═══ Data in this exercise

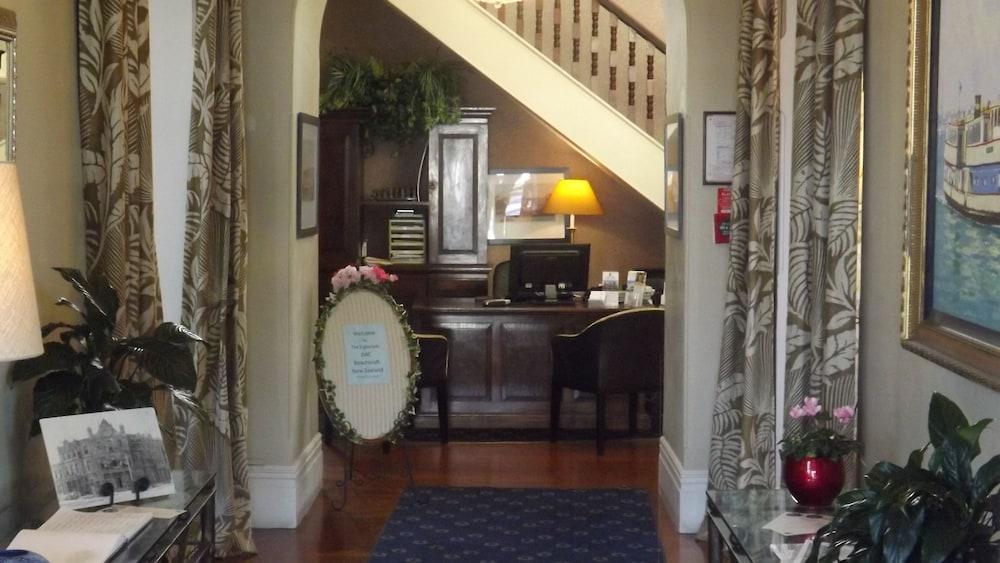Hotel The Esplanade 4*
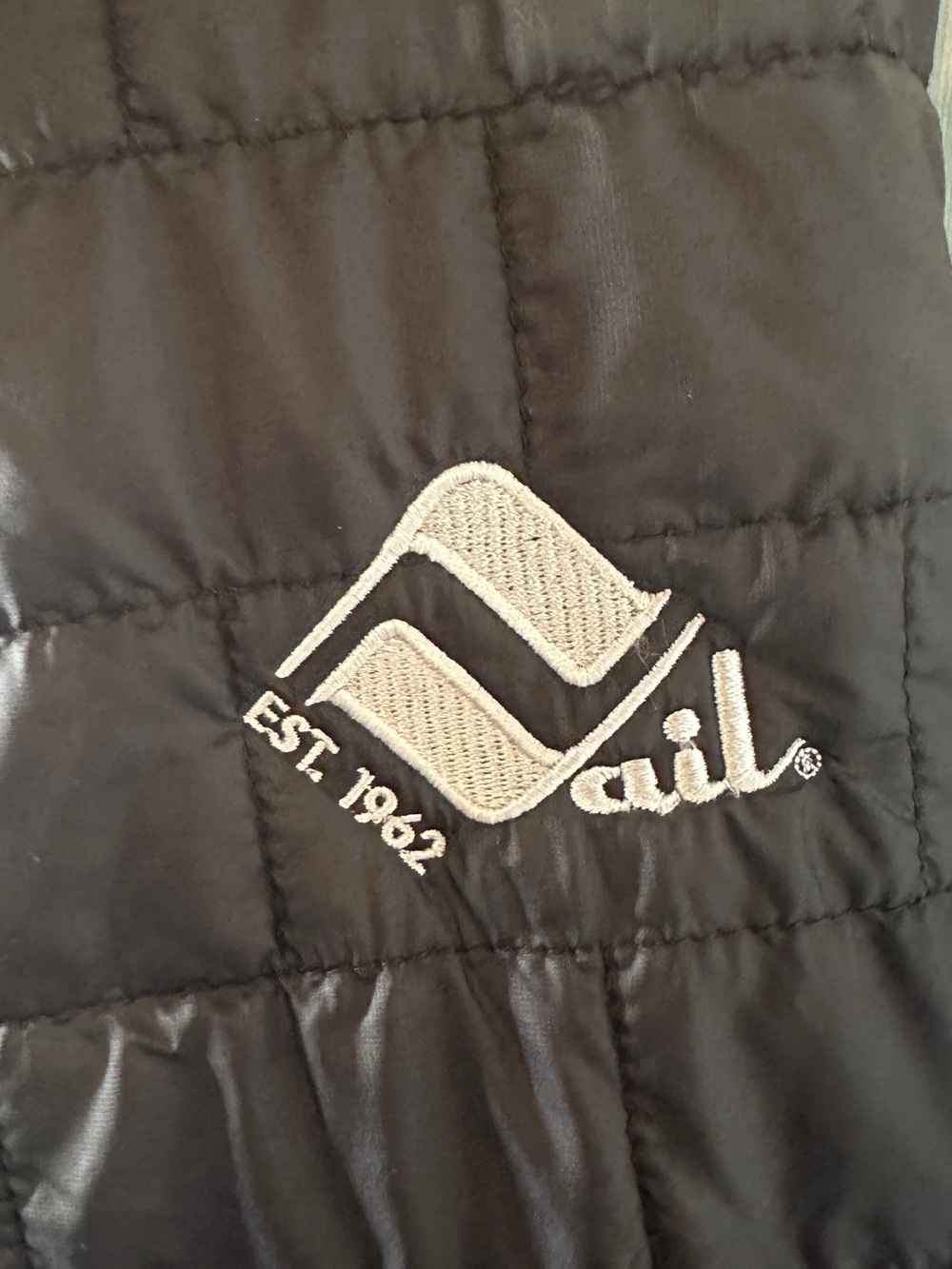 Patagonia Women's Black Quilted Puffer Jacket with Vail logo on sleeve. - Picture 4 of 5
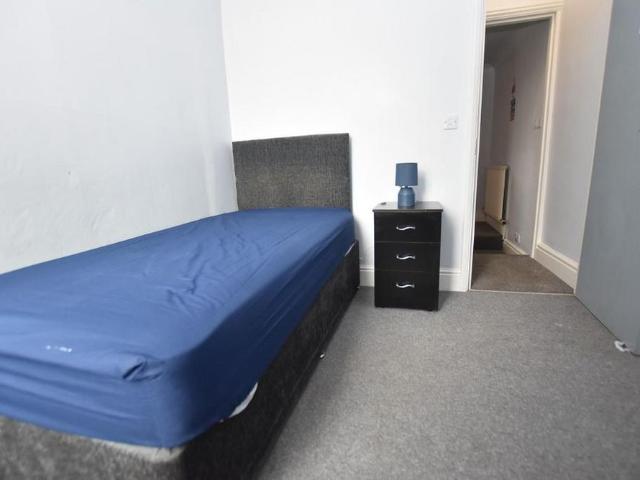 Apartment for rent in Loundsley Green, East Midlands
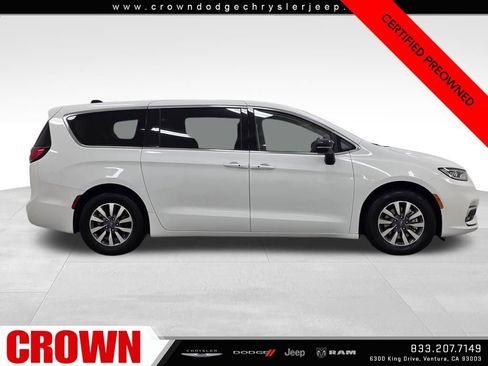 Certified 2024 Chrysler Pacifica Select image 8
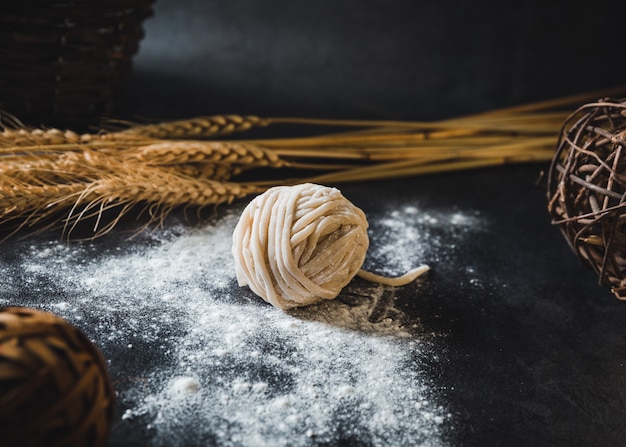 Pasta de fideos con harina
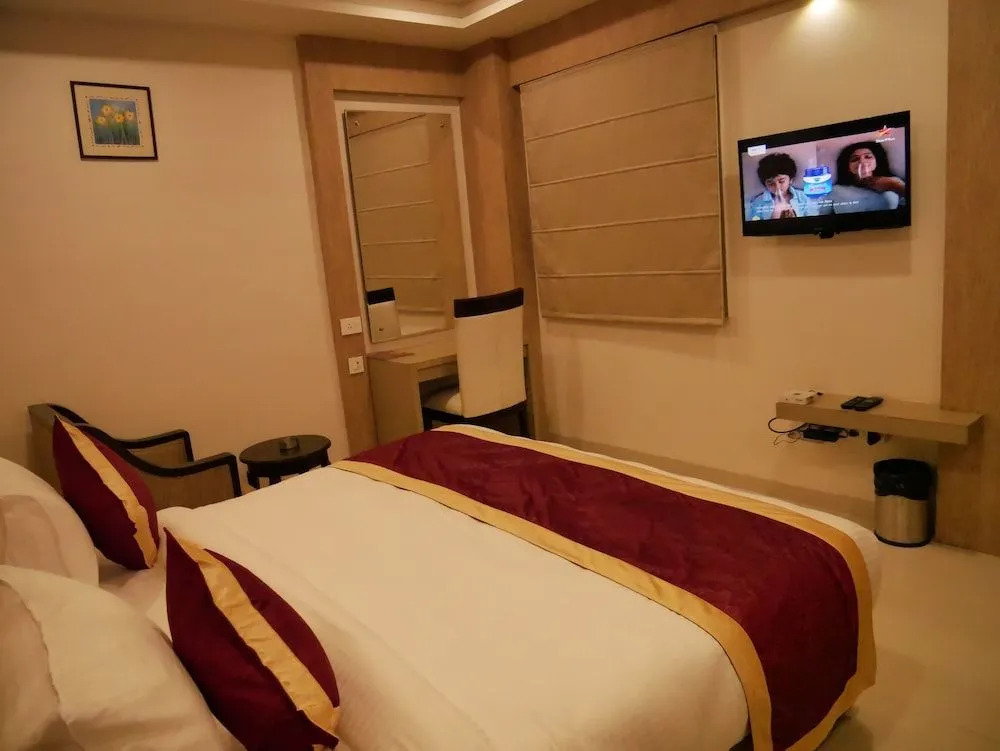 Emporio Hotel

══════

* _Your assignment_:
Set down all of the material above exactly as written, leaving the pictures out.

* _Completed task_:
Hotel The Esplanade 4*
 Patagonia Women's Black Quilted Puffer Jacket with Vail logo on sleeve. - Picture 4 of 5
 Apartment for rent in Loundsley Green, East Midlands
 Certified 2024 Chrysler Pacifica Select image 8
 Pasta de fideos con harina
 Emporio Hotel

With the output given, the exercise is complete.